Louis Vuitton store is seen with a rainbow in reference to LGBTQ + pride month on Fifth AvenueLouis Vuitton store LGBTQ Pride mural, New York, USA - 16 Jun 2020

Louis Vuitton’s Fifth Avenue store with a rainbow for Pride Month. 
William Volcov/Shutterstock

And the many diversity and inclusion programs in fashion are just a starting point for the industry at large. 

“The conversation is changing from one of inclusion and representation to one of opportunity,” said Corey Chafin, principal in Kearney’s consumer practice and lead author of the upcoming report, “Unstoppable for 50 Years: LGBTQ+ Pride Marches Forward.”

“It’s not just about saying we reserve two spots on our board for this demographic. That’s insufficient,” Chafin said. “What they need to focus on is, ‘Are we providing the right opportunities for all our employees?’ As you get closer to the top you do see the numbers start to trail off; what you can’t measure is why.”

Companies need to look at “trigger moments,” or at just what step minority employees are leaving. “Once you identify those, then you can set up some interventions around that,” he said. 

So, if a retailer has broad representation among sales associates, but a much less diverse group of store managers, they can track that and start to figure out how to move a more diverse group of people up through the ranks at that key juncture. 

Many companies were tracking diversity already, but clearly aren’t using that information to redress the ongoing imbalance the higher up the corporate ladder one looks.

“There’s a realization that the dominant culture thought that it understood the experience of various minority cultures and in fact it doesn’t,” Chafin said. “It doesn’t understand the history and the nuance.

“We have to dig deeper to get to the ‘why’ and to get to the ‘why,’ you really have to understand the lived experience of those groups,” he said. 
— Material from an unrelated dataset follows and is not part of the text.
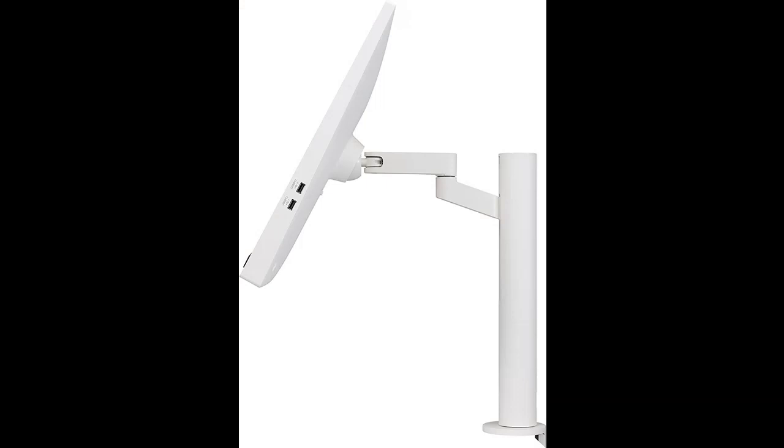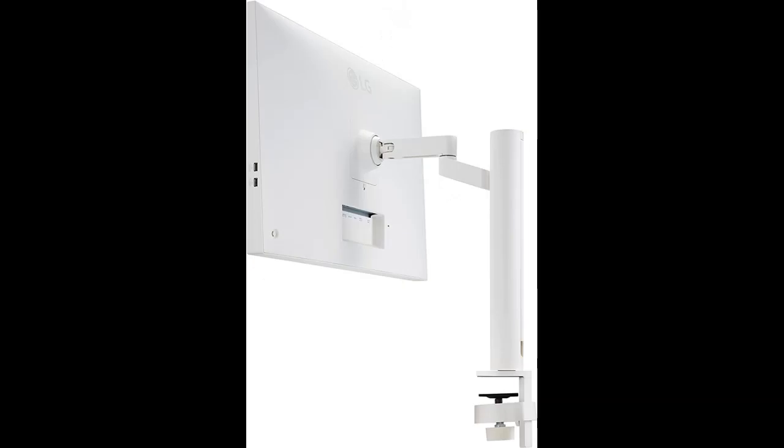Be sleek and more ergonomic. Ergo Stand offers expanded ergonomic adjustment of extend/retract, swivel, pivot, height, and tilt.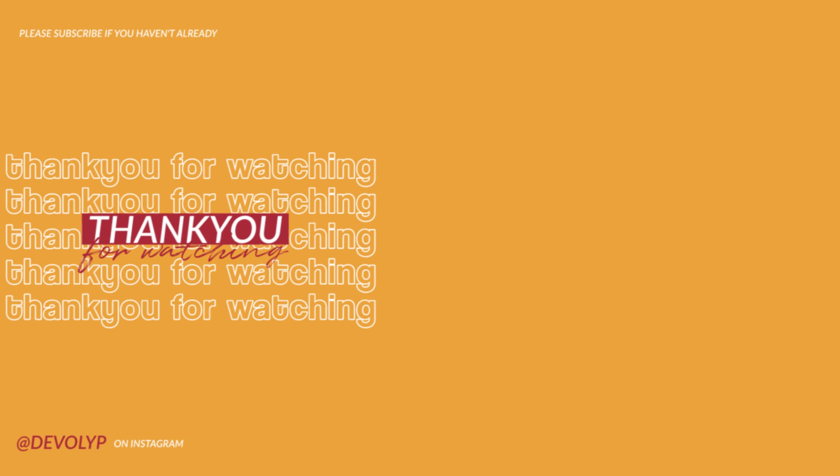So yeah, I hope you guys enjoy this video. Please click thumbs up if you like, plus you can share it to your friends. And last but not least, subscribe to make my day. Bye bye!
There is space now to get to that understanding.

“It’s the moment for diversity to step forward, more than any moment I’ve seen in my lifetime,” he said.

Right now the broader white community has been awakened and is focused on the issue.  

“Black people have been screaming and yelling and talking about this for years…and it took this vicious murder on TV to open the eyes of many white people,” said Kelly Charles-Collins, an employment trial attorney and ceo of HR Legally Speaking. “They didn’t have a choice, but to pay attention [to the killing of Floyd, who was held down, a knee on his neck, for eight minutes and 46 seconds]. “They didn’t have a choice but to pay attention. It was so long. It was so callous. It was so in their face that they didn’t have a choice, but to pay attention.

“The discomfort that white people feel at this moment is going to go away,” Charles-Collins said. “They will be able to go back to the, I don’t see, I don’t hear, I don’t know.”

To be part of the solution, fashion companies are going to have to go beyond words and take action, weaving equality into their operations by incorporating it into strategic planning and by making sure people have spaces to express their feelings.

That requires “acceptance that your culture is not as welcoming or as inclusive as you thought it was,” she said and then acting. “Knowing is good, but applied knowledge is what makes a difference.” 

There is also hope in the next generation.

“Gen Z seems to be enlightened in all the ways in how the world is diverse,” Charles-Collins said. “For them, I think the challenge will be how do you challenge [the status quo] in a way that creates sustained change. And they need the rest of us to help in that. It’s systemic, so the system has to be dismantled. The people who benefit from the system have to want to change it.”